Существует несколько мнений относительно влияния виртуальной реальности на человека, и изменения его психики. Оценки этих изменений колеблются в широких границах от констатации губительной виртуализации сознания и грядущего психофизического кризиса человечества до утверждения позитивности и перспективности смены фундаментальной классической духовности и метафизичности новым раскрепощенным сознанием, соответствующем новому состоянию техники.

Так, например, П.Е. Солопов пишет: «Виртуальные миры могут соответствовать и не соответствовать действительному миру.
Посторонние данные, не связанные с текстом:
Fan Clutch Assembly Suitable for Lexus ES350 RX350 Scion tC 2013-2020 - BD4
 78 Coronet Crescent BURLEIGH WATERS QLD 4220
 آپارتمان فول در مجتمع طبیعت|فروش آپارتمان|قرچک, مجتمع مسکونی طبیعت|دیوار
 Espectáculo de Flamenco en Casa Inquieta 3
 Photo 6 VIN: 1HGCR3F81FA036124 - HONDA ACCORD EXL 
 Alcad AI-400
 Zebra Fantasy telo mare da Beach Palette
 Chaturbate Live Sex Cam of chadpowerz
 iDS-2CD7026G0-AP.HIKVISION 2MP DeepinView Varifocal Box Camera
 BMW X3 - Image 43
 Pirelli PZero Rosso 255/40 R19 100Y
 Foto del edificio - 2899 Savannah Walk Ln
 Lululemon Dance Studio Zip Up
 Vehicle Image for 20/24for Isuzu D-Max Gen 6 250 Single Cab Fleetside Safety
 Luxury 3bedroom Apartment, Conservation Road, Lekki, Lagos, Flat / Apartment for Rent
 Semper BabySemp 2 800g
Они могут и не искажать действительность, а, напротив, служить средством более глубокого, проникновения в нее с целью опять же ее усовершенствования, в частности, улучшения собственной человеческой жизни … Все зависит от характера общества … Просто надо учитывать противоречивую роль [разнообразных социокультурных явлений, сопровождающих обращение к виртуальной реальности – авт.], различать истину, заблуждение и ложь, соответствие и несоответствие сознания объективным законам природы и общества. При этом всегда большинство людей различают компьютерный и иллюзорный миры…» [11].

И, действительно, очевидно, что при повышении значимости в жизни общества синергетических начал, а значит, явлений развивающихся, спонтанных, уникальных, неизбежно возрастает степень присутствия виртуального во всех сферах жизни. Рождается убеждение, что неизбежно будет нарастать виртуализированность мира. Поэтому важнейшей становится задача формирования способности у большинства людей различать компьютерный и иллюзорный миры. И даже можно сказать, что способность различать виртуальную и константную реальность становится важнейшей социальной и государственной задачей.

Проблема виртуальной реальности перестает быть технической и превращается в гуманитарную и, по всей видимости, в центральную гуманитарную проблему современного общества. И особую значимость приобретает педагогическая, образовательная сфера, причем во многом в ее традиционном понимании. А сфера гуманитарного знания оказывается экспертным пространством для e-learning и, шире, главным «испытательным полигоном», «лакмусовой бумажкой» любых педагогических новаций. Не случайно одним из императивов нового века стали слова: «XXI век будет гуманитарным, или никаким».